Background
Hugo Heavy is happy. After the breakdown of the Cargolifter project he can now expand business. But he needs a clever man who tells him whether there really is a way from the place his customer has build his giant steel crane to the place where it is needed on which all streets can carry the weight.
Fortunately he already has a plan of the city with all streets and bridges and all the allowed weights.Unfortunately he has no idea how to find the the maximum weight capacity in order to tell his customer how heavy the crane may become. But you surely know.
Problem
You are given the plan of the city, described by the streets (with weight limits) between the crossings, which are numbered from 1 to n. Your task is to find the maximum weight that can be transported from crossing 1 (Hugo’s place) to crossing n (the customer’s place).
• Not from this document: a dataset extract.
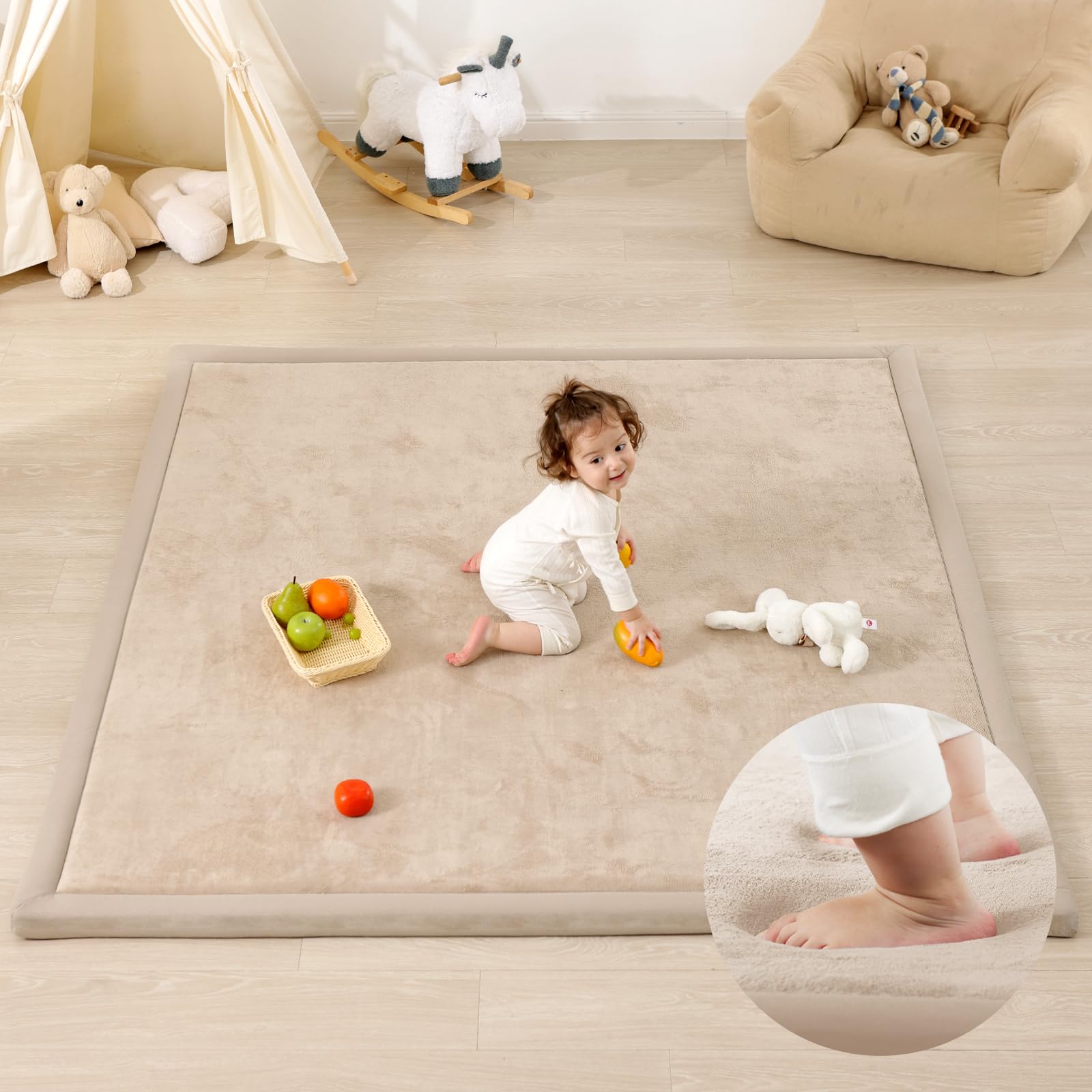 1.3" Thick Baby Play Mat for Floor, 79x118 Large Foam Tummy Time Mat, Padded Support Soft Plush Nursery Rug for Infant Kids Toddler Crawling Kick Activity (Light Grey)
You may assume that there is at least one path. All streets can be travelled in both directions.
Input
The first line contains the number of scenarios (city plans). For each city the number n of street crossings (1 <= n <= 1000) and number m of streets are given on the first line. The following m lines contain triples of integers specifying start and end crossing of the street and the maximum allowed weight, which is positive and not larger than 1000000. There will be at most one street between each pair of crossings.
Output
The output for every scenario begins with a line containing “Scenario #i:”, where i is the number of the scenario starting at 1. Then print a single line containing the maximum allowed weight that Hugo can transport to the customer. Terminate the output for the scenario with a blank line.
Sample Input
1
3 3
1 2 3
1 3 4
2 3 5
Sample Output
Scenario #1:
4
。。。。其实没读懂题,还以为还是求1到达n的所有路径中最大边的最小值。。。。但不是,这道题是运送货物,是承重,应该是路径里的最小的承重,因为只有最小承重才能通过这条路径运过来,然后再找出最大值。。。。
一直wa,原来理解错题意了
接下来是用spfa变形处理
#include<iostream>
#include<cstdio>
#include<cstring>
#include<algorithm>
#include<cmath>
#include<map>
#include<queue>
using namespace std;
typedef long long LL;
const int inf = 0x3f3f3f3f;
const double eps = 1e-8;
const double PI = acos(-1);
#define pb push_back
#define mp make_pair
#define fi first
#define se second
const int N = 1005;
int dis[N];
bool vis[N];
int mk[N][N];
int t,n,m;
void spfa()
{
memset(vis,false,sizeof(vis));
memset(dis,0,sizeof(dis));
queue<int>que;
vis[1] = true;
dis[1] = inf;
que.push(1);
while(!que.empty())
{
int tmp = que.front();
que.pop();
vis[tmp] = false;
for(int i = 1;i <= n;++i){
//cout << tmp << " " << i << endl;
//cout << dis[tmp] << " " << mk[tmp][i] << " " << dis[i] << endl;
if(mk[tmp][i] != -1 && min(mk[tmp][i],dis[tmp]) > dis[i]){
dis[i] = min(mk[tmp][i],dis[tmp]);
if(!vis[i]){
vis[i] = true;
que.push(i);
}
}
}
}
}
int main()
{
int cnt = 0;
scanf("%d",&t);
while(t--)
{
scanf("%d %d",&n,&m);
cnt++;
memset(mk,-1,sizeof(mk));
for(int i = 1;i <= m;++i){
int a,b,c;
scanf("%d %d %d",&a,&b,&c);
if(mk[a][b] == -1 || c < mk[a][b]){
mk[a][b] = mk[b][a] = c;
}
}
spfa();
printf("Scenario #%d:\n",cnt);
printf("%d\n\n",dis[n]);
}
return 0;
}